Using tram-trains on the Colne Line could improve public transport in Burnley and the other towns like Nelson and Colne, without laying a metre of new expensive railway.

But why stop the trains at Colne?

The final report of the North of England Electrification Task Force has also recommended that the lines from Skipton to Carlisle via Settle be electrified in the Tier Three group of lines to be wired.

The Skipton – East Lancashire Rail Action Partnership is also campaigning for the line between Colne and Skipton to be reinstated. This map of the missing part of the line is taken from the Wikipedia entry.

Skipton To Colne

Skipton To Colne

Would the missing link be easier and more affordable to build, if it continued as a modern, single-track tramway?

This type of line would also be less visually intrusive, if it used 750 V DC overhead wires, which are all that would be needed for the Class 399 tram-train.

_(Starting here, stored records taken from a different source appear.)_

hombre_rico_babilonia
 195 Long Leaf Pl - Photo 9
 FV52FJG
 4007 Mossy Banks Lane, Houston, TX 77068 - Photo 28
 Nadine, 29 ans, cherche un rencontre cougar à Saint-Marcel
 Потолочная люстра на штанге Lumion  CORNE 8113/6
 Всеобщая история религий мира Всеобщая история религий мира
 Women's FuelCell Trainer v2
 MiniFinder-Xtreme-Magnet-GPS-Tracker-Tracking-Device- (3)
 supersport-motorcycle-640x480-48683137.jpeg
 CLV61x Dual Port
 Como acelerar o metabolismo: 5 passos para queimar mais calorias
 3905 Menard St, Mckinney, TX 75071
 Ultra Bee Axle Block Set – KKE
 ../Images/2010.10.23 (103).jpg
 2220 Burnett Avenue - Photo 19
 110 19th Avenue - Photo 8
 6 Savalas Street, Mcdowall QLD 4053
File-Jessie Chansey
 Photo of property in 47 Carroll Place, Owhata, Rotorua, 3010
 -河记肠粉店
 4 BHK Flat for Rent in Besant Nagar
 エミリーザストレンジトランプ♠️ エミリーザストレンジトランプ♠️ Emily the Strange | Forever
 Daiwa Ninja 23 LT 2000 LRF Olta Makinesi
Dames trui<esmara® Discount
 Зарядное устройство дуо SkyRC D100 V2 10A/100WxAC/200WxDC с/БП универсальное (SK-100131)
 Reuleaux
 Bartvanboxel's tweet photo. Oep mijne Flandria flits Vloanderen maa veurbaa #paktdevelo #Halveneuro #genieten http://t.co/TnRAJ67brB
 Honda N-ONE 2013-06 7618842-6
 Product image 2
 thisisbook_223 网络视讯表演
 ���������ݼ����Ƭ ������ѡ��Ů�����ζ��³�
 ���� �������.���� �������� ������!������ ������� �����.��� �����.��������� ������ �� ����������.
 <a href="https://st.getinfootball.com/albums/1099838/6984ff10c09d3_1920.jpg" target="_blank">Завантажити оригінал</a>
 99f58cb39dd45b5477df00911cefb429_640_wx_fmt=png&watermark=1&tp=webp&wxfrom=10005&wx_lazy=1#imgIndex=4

Building this link between Skipton and Colne would further connect the electrified lines in the Leeds area, with the soon to be electrified ones of North Lancashire. As the map shows, Skipton is on the iconic route through Settle between Leeds and Carlisle, which is also in the queue for electrification.

Skipton is the key to the success of any scheme to improve the Colne Line and link it to the town. The town is known as the Gateway to the Dales and already has direct services to London. This section in Wikipedia shows that there are impressive plans for services in the future.

But that was written before the North of England Electrification Task Force reported that Skipton to Carlisle through Settle was an electrification scheme for Tier Three. This was probably included more for freight reasons, as it creates a new route for electrified freight trains from Yorkshire, the East Midlands and the Electric Spine from Southampton to Scotland.

And to think that the line was nearly closed, but a certain Michael Portillo didn’t sign it off!

So will we see electrified passenger services from the South coming up via Leeds and Skipton to Carlisle? I think we will and if the Borders Railway is a success, then I think in perhaps 2040, these trains will reach Edinburgh.

So I think this all means that the tram-trains to Colne, should be used to create a link to Skipton.

Services Between Blackpool And Liverpool

Currently there is just a measly single train each hour between Blackpool and Liverpool.

Ormskirk to Preston is another line that could be chosen for electrification and it is likely that under the Liverpool rules it will be served by four trains per hour.

So I think it is reasonable to assume that when electrification to Blackpool North is complete, that the frequency of Liverpool-Blackpool services will be increased. After all when electrification is complete various routes via Ormskirk, Wigan, Newton-Le-Willows and St. Helens will all be possible.

But the possibility also exists for the use of tram-trains on this route, which will then go round the loop in Blackpool.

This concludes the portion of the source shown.